A more contemporary example is Australia’s ‘Pacific solution’ whereby boat arrivals are systematically removed outside Australian jurisdiction to Nauru and Papua New Guinea, which was brought to the attention of European audiences during the MS Tampa incident of August 2001. In spite of severe international criticism, Australia has implemented its model since 2001 and continues to promote it internationally. The ‘Pacific solution’ was cited as a source of inspiration to the British and Danish governments in the ‘new approaches’ debate this spring.
An outright comparison of the cost of caseloads in such schemes is inappropriate, given the differences between the countries involved. However, Australian experiences point in a quite different direction from that hoped for by the UK and Denmark. The budget of the Australian government indicates that all savings from reduced onshore arrivals are consumed by the massive costs for offshore processing. The Australian government calculates a decline in a 1,000 processed places per year, costing a net loss of some AUD 900 million for the Australian taxpayer over the fiscal year: calculated by one commentator at AUD 300,000 per boat refugee dissuaded from the journey. Against this backdrop, the suggestion that there will be funds left over from decreasing spontaneous arrivals in the UK or Denmark which can be reallocated to improve refugee protection in the south is simply untenable.
However, this is justified of course, not on the grounds of granting asylum to aliens, so much as defending the boundaries of our state communities.

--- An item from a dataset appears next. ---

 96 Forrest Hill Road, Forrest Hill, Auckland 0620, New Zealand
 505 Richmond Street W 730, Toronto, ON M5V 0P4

If the ongoing Australian experience can be described as little more than a sustained tragedy, the UK and Denmark seem all set to launch themselves on a course of farcical repetition.
Close reading of the scheme for TPCs and PZs as sketched out in the documents to date suggests that refugees would be worse off than in territorial processing, while states are not necessarily better off. A reinforced and improved system of territorial processing would be a better investment of the additional resources needed, and turn out to be far less intrusive with respect to refugees – one of the constituencies at least which the system is intended to serve. If this is the case, such a scheme, by violating the rule of necessity, itself becomes an exercise in discrimination. Then again, if destination states take the risk of discrimination reproaches seriously and tailor-make the screening system to accommodate the special needs of individuals, the deterrent effect of the entire system is lost. In the end, states will be choosing between a workable and illegal system, or a legal one that is unable to deliver either deterrence or control.
However, the ignorance of existing analysis, the selective approach to precedent, and the avoidance of broad debate all reflect the same desire to doff the burden of connecting to earlier arguments and problematic experiences. One must conclude that such a strategy subscribes to power, not to knowledge. It prefers the decisive gesture to rational debate.